**(1)** In "Geometrie Microlocale", Verdier states the following theorem.

**Theorem**: Let $E$ be a vector space and $F$ a constructible complex on $E$.
Then for $\ell$ a linear form on $E$, we have a morphism between the fibers at $0$:
$$
i_0^*\psi_\ell (F) \longrightarrow i_0^*\psi_\ell(\nu_0(F))
$$
which is an isomorphism for generic $\ell$ (same thing for the vanishing cycles $\phi_\ell$).

Here $\nu_0: D^b_c(E) \to D^b_{mon}(T_0E)$ is Verdier specialization functor to the tangent cone $T_0 E = E$, i.e. the nearby cycles of $p^*F$ along the deformation of to the normal cone $t:D_0 E \to \mathbb{A}^1$.

The theorem says that when computing $\psi_\ell(F)_0$, one can usually suppose $F$ is monodromic.

Verdier doesn't prove the theorem. Instead he just gives an indication of what generic means: consider the blow-up $p:\tilde{E} \to E$ at $0$, take a stratification for which $p^*F$ is constructible and such that $p^{-1}(0)$ is reunion of strata. The condition is that the strict transform of the hyperplane $\{ \ell = 0\}$ should be transverse to the strata contained in $p^{-1}(0)$.

I don't understand how to prove the theorem based on this.

**Question 1**: Blowing-up a strata to get things transverse in order to compute nearby/vanishing cycles seems not uncommon. Is there some kind of machinery that makes it a standard trick?

**(2)** Here are my thoughts. We have a triangle
$$
F \to e_* e^* F \to \bigoplus_{q=1}^{d-1} i_* i^* F(-q)[-2q] \to +1
$$
The theorem is trivial for $i_* i^* F$ so it is enough to prove that
$$
i^* e_* \psi_{\tilde{\ell}} (\tilde{F}) = i^* \psi_\ell (e_* e^* F) \longrightarrow
i^* \psi_{d\ell} \nu_0(e_* e^* F) = i^* (Ce)_* \psi_{d\tilde{\ell}} \nu_D (\tilde{F})
$$
is an isomorphism (with $\tilde{F} = e^* F$, $\tilde{l} = l\circ e$).
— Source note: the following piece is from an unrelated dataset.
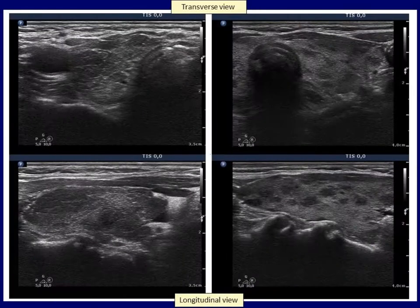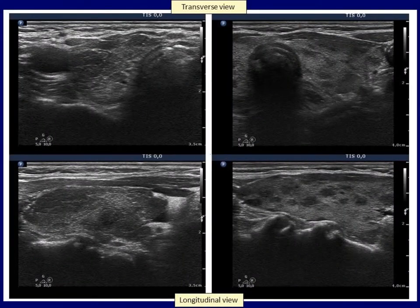Both patients had Hashimoto's thyroiditis and presented with the most common form of this condition. Both the larger hypoechoic areas in the left case and the smaller discrete lesions in the right case should be regarded as more active foci of the disease and not as pathological nodules.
But $\tilde{l}^{-1}(0) = \tilde{H} \cup D$ where $\tilde{H}$ is the strict transform of $H = \{\ell = 0\}$ and $D = e^{-1}(0)$ is the exceptionnal divisor. Outside of $H$, $\tilde{\ell}$ is an equation for $D$ and we always have $\psi_f (F) = \psi_{df} \nu_{f=0}(F)$ (in the topological setting this is proved in Kashiwara-Schapira, I don't know any reference for the étale setting) so
$
\psi_{\tilde{\ell}} (\tilde{F}) \to \psi_{d\tilde{\ell}} \nu_D (\tilde{F})
$
is an isomorphism outside of $\tilde{H}\cap D$. The tricky part is

**Question 2** How do we prove that

$$
\psi_{\tilde{\ell}}(\tilde{F}) \to \psi_{d\tilde{\ell}}\nu_D (\tilde{F})
$$
is an isomorphism on $\tilde{H}\cap D$, the only hypothesis being that $\tilde{H}$ is transverse to the strata of $D$?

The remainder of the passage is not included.